Moreover, while Williams admonished that in the light of recent progress, rehearsing “boasts and disappointments” is of “decreasing relevance,” English AI was fighting for its existence, thanks to the General Survey of Artificial Intelligence released in March, 1972, by Sir James Lighthill. Lighthill, a distinguished British applied mathematician, evaluating AI at the request of the British Research Council, came to a conclusion diametrically opposed to Williams’s, and in line with mine.

I concluded in 1968 that in spite of optimistic predictions, work in AI was stagnating; what looked like successes were solutions of very specific problems with no possibility of generalization, and there was no hope for the foreseeable future. Lighthill’s conclusion shows that in the past five years nothing has changed.

To sum up…work…during the past twenty-five years is to some extent encouraging about programs written to perform in highly specialized problem domains, when the programming takes very full account of the results of human experience and human intelligence within the relevant domain, but is wholly discouraging about general-purpose programs seeking to mimic the problem-solving aspects of human Central Nervous System activity over a rather wide field. Such a general-purpose program, the coveted long-term goal of AI activity, seems as remote as ever.

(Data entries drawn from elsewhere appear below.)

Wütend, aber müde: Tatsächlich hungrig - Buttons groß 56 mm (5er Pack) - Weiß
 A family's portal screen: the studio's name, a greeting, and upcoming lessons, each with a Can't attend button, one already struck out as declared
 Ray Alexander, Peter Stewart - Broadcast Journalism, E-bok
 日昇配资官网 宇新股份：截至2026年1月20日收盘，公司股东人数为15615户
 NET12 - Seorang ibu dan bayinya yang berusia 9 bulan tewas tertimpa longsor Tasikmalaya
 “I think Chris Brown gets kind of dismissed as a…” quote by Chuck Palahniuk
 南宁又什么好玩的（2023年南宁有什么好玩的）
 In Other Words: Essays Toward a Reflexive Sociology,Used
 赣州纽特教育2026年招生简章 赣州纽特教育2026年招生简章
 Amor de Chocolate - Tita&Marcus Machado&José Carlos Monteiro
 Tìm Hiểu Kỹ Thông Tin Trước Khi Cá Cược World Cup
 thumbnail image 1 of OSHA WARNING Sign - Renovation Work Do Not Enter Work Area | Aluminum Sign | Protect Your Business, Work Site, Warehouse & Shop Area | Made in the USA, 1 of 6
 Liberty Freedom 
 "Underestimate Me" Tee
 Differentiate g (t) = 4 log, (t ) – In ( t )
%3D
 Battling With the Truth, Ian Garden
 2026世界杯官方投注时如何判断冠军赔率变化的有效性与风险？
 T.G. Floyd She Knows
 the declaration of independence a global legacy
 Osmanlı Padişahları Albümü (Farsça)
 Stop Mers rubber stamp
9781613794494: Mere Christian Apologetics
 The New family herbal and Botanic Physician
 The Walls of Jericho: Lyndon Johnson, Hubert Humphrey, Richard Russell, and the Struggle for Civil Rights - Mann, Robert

Lighthill blames many of the failures on the “combinatorial explosion” which results when one tries to deal with problems involving many variables. But generally he limits himself to the inductive conclusion that since all past optimistic predictions have proved disappointing further optimism is unjustified. On this basis he recommends cutting off all British funds for AI research. However, as long as he can give no better account of the failures than exponential growth of combinations, he is subject to the objection that heuristic programs may soon be successful in pruning this growth tree.

In my book I tried to forestall such objections by pointing out a pattern in AI failures, and by giving reasons why these failures could have been expected at just the points at which they occurred. Williams overlooked this central concern because, naïvely, he let himself be convinced that solid progress in AI was at last being made. Thus, instead of an analysis of continuing failures, he assumed, in spite of my explicit denial, that I was offering a proof of impossibility—a proof which, understandably, he could not find.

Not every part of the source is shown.